▸ Supplied material:
--- --- ---

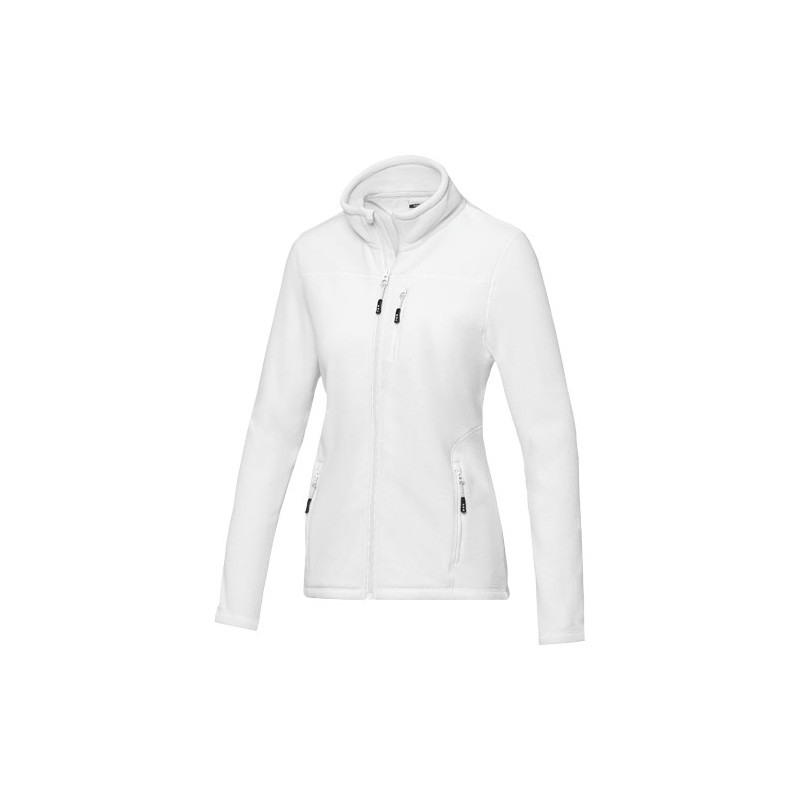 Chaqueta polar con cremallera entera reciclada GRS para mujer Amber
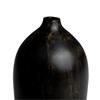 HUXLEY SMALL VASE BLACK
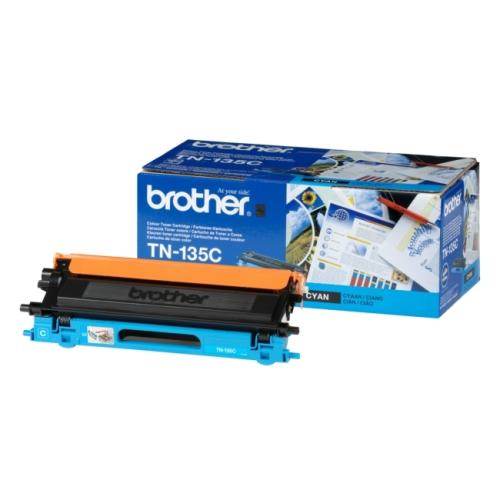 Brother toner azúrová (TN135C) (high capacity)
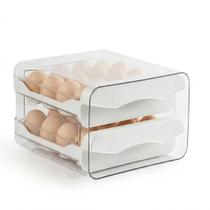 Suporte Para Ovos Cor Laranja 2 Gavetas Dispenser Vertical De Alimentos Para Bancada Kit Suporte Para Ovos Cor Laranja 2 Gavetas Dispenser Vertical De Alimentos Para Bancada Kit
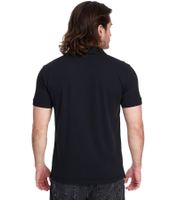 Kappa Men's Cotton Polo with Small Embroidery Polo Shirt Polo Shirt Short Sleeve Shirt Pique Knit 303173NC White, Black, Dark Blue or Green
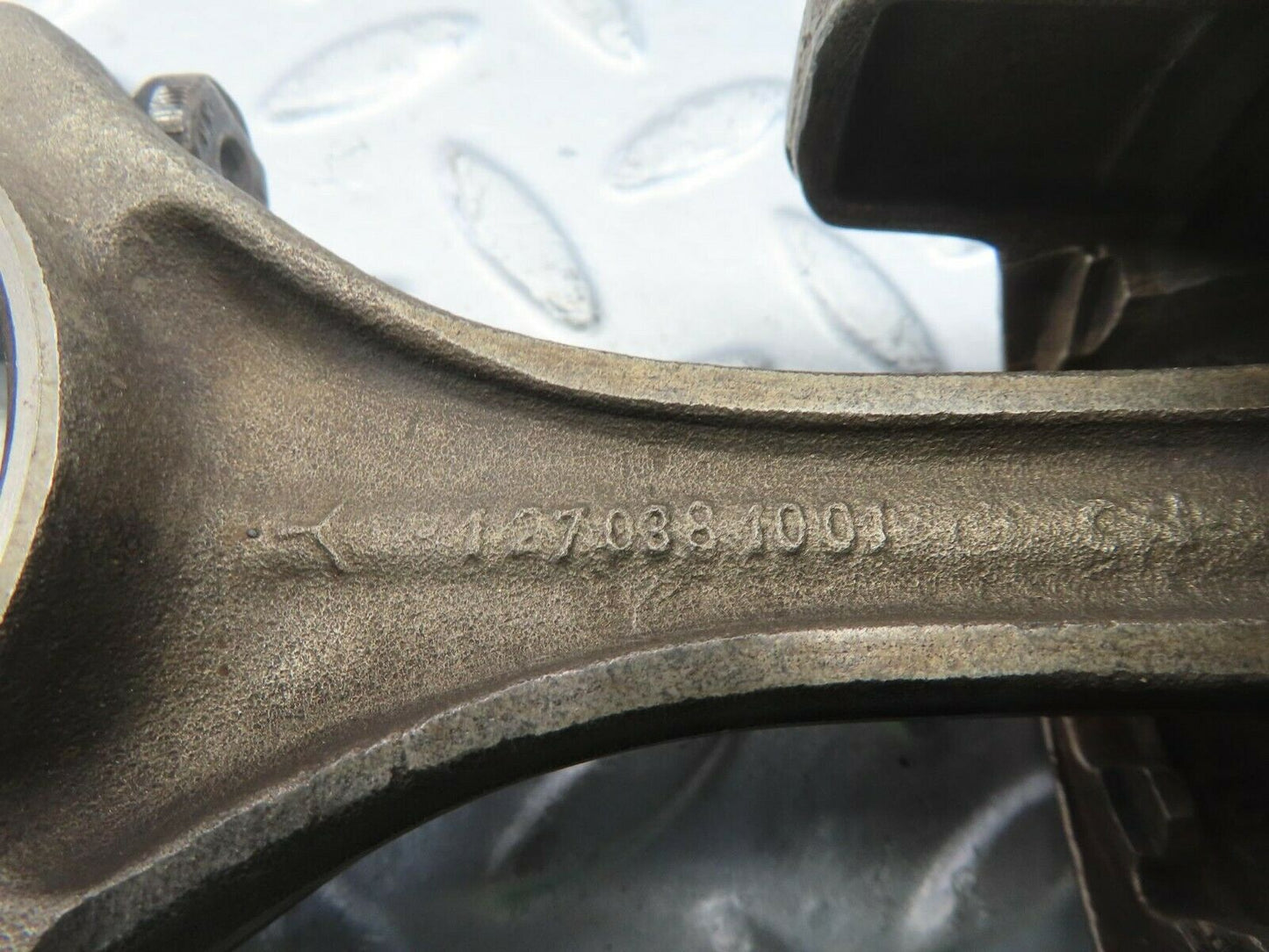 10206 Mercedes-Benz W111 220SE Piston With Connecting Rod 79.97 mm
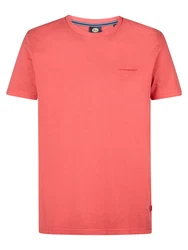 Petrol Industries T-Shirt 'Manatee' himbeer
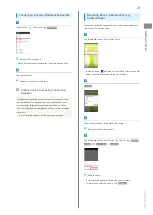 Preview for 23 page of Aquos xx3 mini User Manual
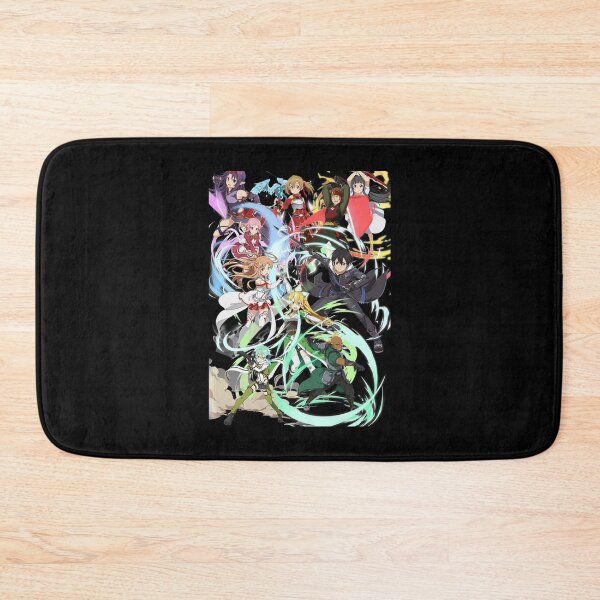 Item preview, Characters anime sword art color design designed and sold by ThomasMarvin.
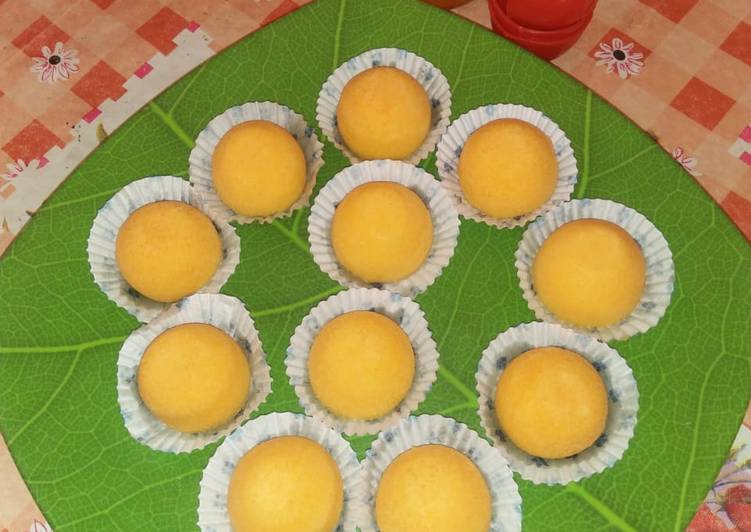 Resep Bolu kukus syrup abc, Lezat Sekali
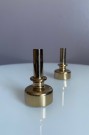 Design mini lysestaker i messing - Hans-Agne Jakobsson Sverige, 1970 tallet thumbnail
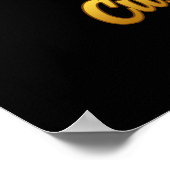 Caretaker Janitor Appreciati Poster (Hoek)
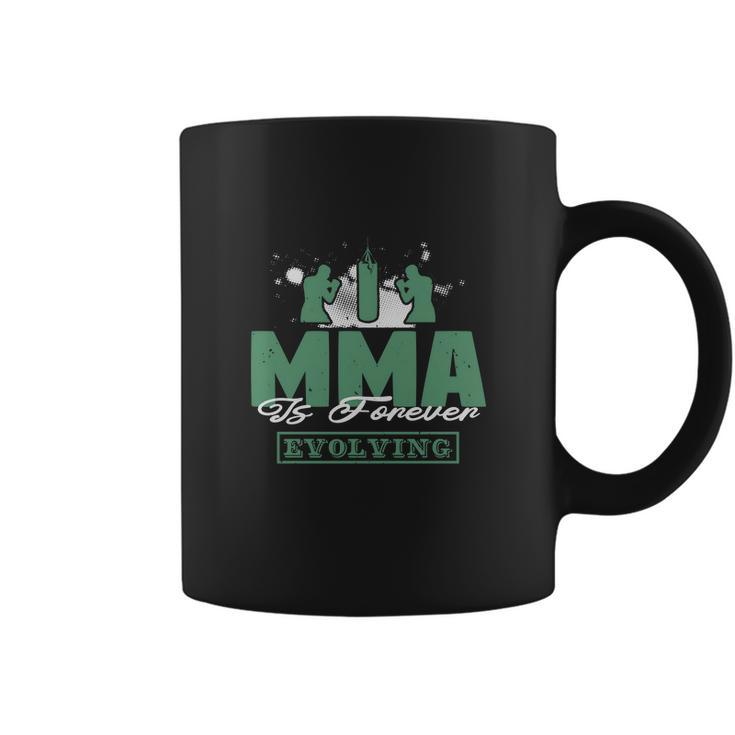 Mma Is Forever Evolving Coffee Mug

--- --- ---

▸ Problem: Exactly as written, set down the lines from the line holding "Design mini lysestaker" to the last line of the data, both ends included, pictures excluded.

▸ Solution to this task:
 Design mini lysestaker i messing - Hans-Agne Jakobsson Sverige, 1970 tallet thumbnail
 Caretaker Janitor Appreciati Poster (Hoek)
 Mma Is Forever Evolving Coffee Mug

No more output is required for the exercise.